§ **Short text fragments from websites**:
--- START ---

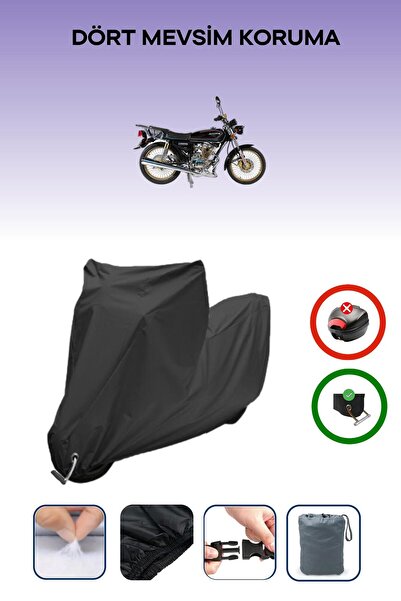 Breen Black Lock Compatible Arora Ar 100-8 a Modified Compatible Motorcycle T...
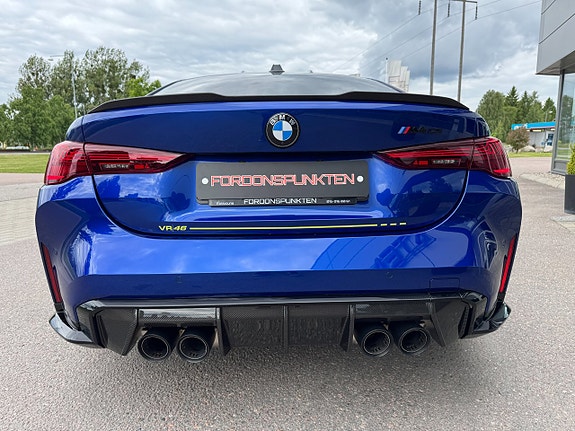 BMW M4 11 of 27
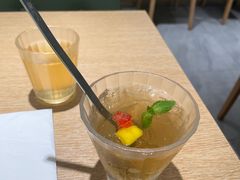 -蔡澜Pho·越南粉餐厅(海上世界店)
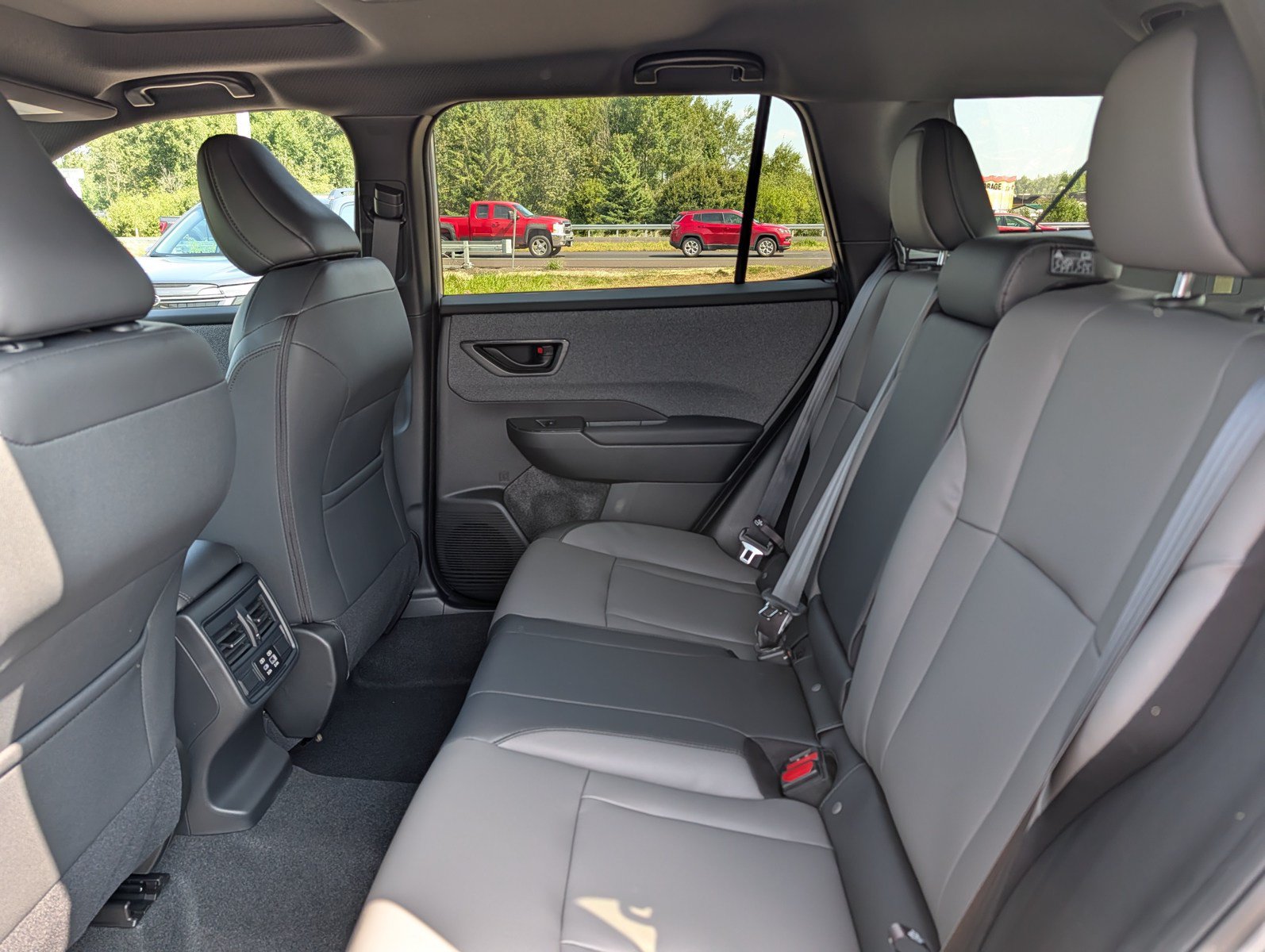 New 2026 Subaru Outback Premium AWD/4WD image 7
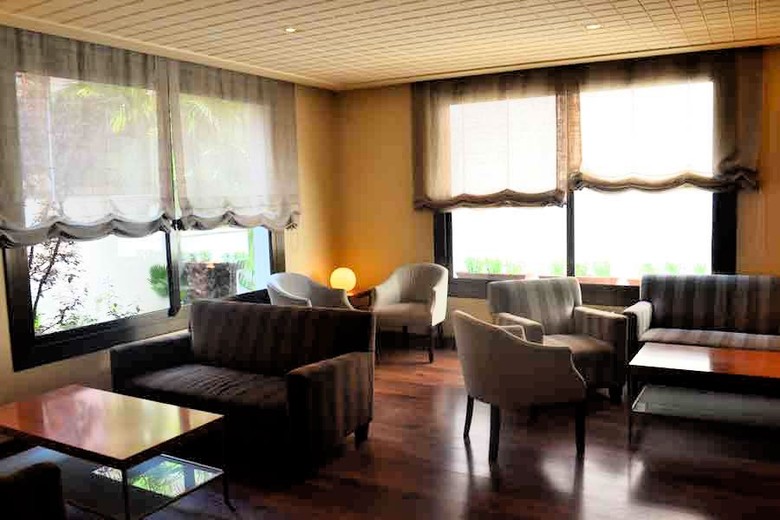 Hotel Bonanova Park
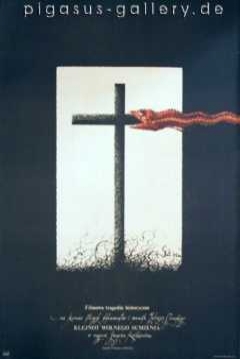 Poster The Supreme Value of a Free Conscience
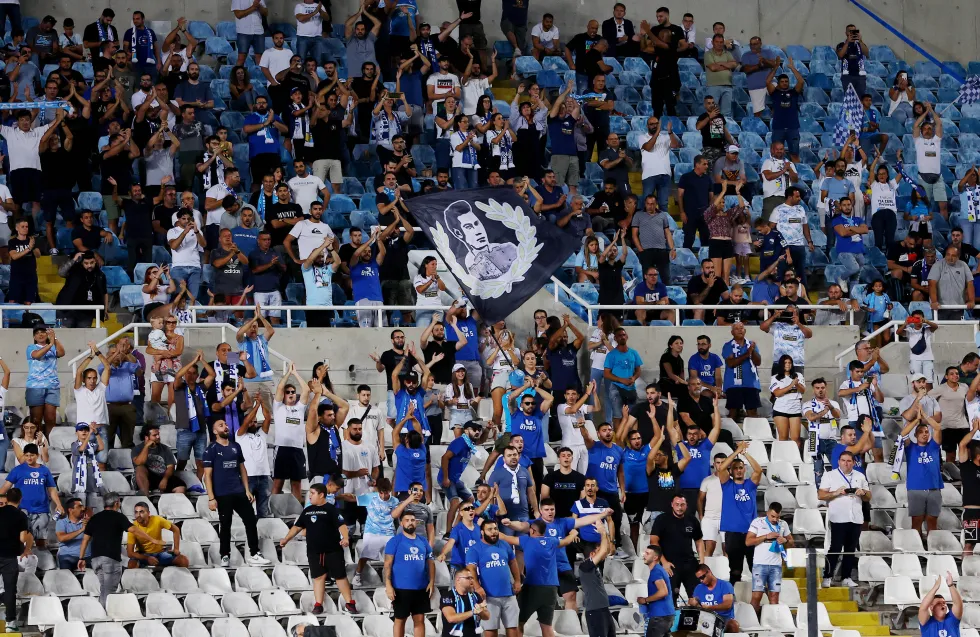 Οι εκδηλώσεις των οπαδών της Πάφου για τον τελικό – «Θα τα θυμόμαστε για μια ζωή»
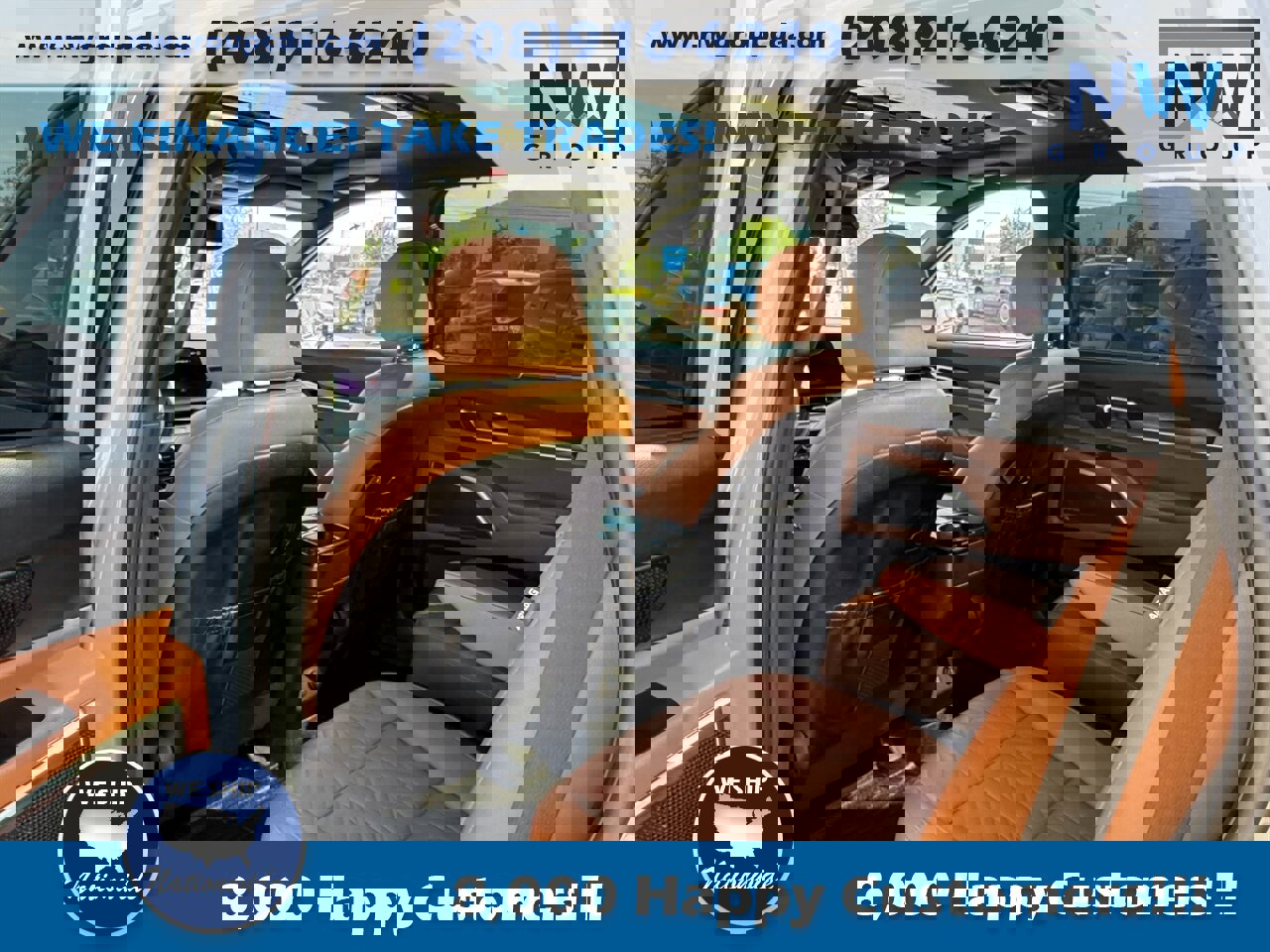 Used 2023 Kia Telluride SX X-Pro image 17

--- END ---

§ **Your task**: Your task is to repeat, word for word and with no picture, every line from the one that contains "-蔡澜Pho·越南粉餐厅(海上世界店)" through the last line of the data.

§ **Answer section**:
 -蔡澜Pho·越南粉餐厅(海上世界店)
 New 2026 Subaru Outback Premium AWD/4WD image 7
 Hotel Bonanova Park
 Poster The Supreme Value of a Free Conscience
 Οι εκδηλώσεις των οπαδών της Πάφου για τον τελικό – «Θα τα θυμόμαστε για μια ζωή»
 Used 2023 Kia Telluride SX X-Pro image 17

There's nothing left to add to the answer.